**Exercise objective**
Under this line are the records; write out word for word the part that begins at the line containing "Hotel Steyerberger Hof Esterno foto" and ends at the line containing "GIVENCHY EMBROIDERED LOGO T-SHIRT", and no more.

**Information**
+ + +
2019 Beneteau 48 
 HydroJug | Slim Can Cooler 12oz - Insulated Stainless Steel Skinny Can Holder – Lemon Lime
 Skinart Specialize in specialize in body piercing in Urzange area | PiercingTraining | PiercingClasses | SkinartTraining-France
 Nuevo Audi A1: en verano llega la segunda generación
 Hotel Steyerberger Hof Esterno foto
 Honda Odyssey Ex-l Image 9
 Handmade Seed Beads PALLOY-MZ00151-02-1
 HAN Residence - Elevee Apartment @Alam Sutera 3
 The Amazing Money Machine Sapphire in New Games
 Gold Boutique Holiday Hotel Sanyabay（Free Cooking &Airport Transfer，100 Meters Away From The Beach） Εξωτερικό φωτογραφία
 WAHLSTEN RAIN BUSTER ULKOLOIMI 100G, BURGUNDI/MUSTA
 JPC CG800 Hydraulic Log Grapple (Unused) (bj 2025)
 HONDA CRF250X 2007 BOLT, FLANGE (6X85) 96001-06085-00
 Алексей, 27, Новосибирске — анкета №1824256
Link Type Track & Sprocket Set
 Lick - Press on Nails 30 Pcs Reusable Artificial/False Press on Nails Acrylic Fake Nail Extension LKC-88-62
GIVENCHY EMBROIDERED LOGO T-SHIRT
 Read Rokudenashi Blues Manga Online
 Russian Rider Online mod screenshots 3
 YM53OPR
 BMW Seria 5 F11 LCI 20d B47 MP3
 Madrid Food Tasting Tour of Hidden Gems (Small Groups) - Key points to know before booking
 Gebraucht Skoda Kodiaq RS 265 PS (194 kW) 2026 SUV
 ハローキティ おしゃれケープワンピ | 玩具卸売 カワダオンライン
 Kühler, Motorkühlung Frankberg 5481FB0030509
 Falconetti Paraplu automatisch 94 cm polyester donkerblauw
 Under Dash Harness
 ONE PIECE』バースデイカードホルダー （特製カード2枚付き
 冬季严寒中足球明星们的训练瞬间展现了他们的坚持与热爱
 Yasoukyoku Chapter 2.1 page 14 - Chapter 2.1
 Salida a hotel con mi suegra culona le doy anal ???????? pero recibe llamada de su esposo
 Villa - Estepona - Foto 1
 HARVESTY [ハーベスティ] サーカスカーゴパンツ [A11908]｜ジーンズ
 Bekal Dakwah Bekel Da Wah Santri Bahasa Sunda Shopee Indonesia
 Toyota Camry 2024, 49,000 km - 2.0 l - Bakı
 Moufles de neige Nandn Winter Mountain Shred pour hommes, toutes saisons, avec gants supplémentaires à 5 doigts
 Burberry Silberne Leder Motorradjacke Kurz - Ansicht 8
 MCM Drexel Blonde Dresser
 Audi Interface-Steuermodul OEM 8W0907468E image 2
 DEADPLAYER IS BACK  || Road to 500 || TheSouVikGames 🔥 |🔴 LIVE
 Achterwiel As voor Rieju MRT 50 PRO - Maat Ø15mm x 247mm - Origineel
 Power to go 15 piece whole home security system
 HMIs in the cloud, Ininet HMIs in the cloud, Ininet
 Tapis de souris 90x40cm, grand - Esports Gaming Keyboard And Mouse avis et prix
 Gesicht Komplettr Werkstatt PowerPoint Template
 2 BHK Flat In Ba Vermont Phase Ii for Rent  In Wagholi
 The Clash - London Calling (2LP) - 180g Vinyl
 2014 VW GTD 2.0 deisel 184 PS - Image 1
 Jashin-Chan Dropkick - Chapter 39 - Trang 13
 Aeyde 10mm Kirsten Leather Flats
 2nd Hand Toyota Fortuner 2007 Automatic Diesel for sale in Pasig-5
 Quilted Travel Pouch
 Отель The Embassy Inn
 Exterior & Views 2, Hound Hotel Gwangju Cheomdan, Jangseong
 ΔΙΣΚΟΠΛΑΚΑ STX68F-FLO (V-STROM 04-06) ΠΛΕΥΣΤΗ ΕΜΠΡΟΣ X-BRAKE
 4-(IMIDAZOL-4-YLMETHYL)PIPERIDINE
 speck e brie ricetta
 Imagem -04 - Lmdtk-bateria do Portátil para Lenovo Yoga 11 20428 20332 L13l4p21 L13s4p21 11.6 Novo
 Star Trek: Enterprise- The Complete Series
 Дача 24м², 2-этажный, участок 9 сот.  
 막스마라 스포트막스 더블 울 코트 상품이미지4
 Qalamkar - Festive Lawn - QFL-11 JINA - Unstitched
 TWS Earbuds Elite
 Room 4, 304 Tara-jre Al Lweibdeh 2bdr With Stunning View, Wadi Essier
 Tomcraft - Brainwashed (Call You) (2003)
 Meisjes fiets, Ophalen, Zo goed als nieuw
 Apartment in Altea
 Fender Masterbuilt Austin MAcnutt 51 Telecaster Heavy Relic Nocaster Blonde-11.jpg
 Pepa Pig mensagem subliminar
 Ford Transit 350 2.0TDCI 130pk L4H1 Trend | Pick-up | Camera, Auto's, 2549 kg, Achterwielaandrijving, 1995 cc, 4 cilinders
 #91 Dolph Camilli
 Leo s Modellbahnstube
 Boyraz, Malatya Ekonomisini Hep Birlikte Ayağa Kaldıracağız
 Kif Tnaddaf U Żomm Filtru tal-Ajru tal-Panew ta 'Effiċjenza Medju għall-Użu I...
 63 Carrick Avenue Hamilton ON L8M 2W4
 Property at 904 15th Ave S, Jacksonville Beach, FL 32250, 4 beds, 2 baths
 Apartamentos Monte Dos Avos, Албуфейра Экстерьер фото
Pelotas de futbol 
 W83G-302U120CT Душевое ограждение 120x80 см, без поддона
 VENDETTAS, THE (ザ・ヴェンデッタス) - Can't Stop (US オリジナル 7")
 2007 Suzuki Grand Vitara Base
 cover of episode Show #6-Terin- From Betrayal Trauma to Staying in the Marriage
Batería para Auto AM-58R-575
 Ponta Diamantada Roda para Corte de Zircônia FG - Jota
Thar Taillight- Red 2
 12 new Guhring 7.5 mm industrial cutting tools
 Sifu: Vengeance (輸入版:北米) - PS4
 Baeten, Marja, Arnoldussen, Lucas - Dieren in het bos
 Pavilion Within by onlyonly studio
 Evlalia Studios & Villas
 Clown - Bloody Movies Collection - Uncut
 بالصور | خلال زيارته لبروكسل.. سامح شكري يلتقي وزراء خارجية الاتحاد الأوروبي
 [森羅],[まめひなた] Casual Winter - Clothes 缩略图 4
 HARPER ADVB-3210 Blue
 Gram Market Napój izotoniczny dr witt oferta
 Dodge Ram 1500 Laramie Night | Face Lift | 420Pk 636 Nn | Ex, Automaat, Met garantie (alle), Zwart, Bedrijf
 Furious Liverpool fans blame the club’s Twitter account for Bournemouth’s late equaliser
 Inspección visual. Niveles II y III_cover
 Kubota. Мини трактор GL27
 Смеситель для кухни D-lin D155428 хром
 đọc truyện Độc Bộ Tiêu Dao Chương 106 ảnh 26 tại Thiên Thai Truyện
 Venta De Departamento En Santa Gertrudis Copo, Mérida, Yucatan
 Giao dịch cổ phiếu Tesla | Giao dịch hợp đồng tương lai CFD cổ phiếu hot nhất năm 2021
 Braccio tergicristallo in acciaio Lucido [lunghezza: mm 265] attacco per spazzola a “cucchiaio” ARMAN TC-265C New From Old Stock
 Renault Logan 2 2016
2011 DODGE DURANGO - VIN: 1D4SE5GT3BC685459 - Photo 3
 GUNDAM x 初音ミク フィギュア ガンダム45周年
+ + +
**Exercise solution**
 Hotel Steyerberger Hof Esterno foto
 Honda Odyssey Ex-l Image 9
 Handmade Seed Beads PALLOY-MZ00151-02-1
 HAN Residence - Elevee Apartment @Alam Sutera 3
 The Amazing Money Machine Sapphire in New Games
 Gold Boutique Holiday Hotel Sanyabay（Free Cooking &Airport Transfer，100 Meters Away From The Beach） Εξωτερικό φωτογραφία
 WAHLSTEN RAIN BUSTER ULKOLOIMI 100G, BURGUNDI/MUSTA
 JPC CG800 Hydraulic Log Grapple (Unused) (bj 2025)
 HONDA CRF250X 2007 BOLT, FLANGE (6X85) 96001-06085-00
 Алексей, 27, Новосибирске — анкета №1824256
Link Type Track & Sprocket Set
 Lick - Press on Nails 30 Pcs Reusable Artificial/False Press on Nails Acrylic Fake Nail Extension LKC-88-62
GIVENCHY EMBROIDERED LOGO T-SHIRT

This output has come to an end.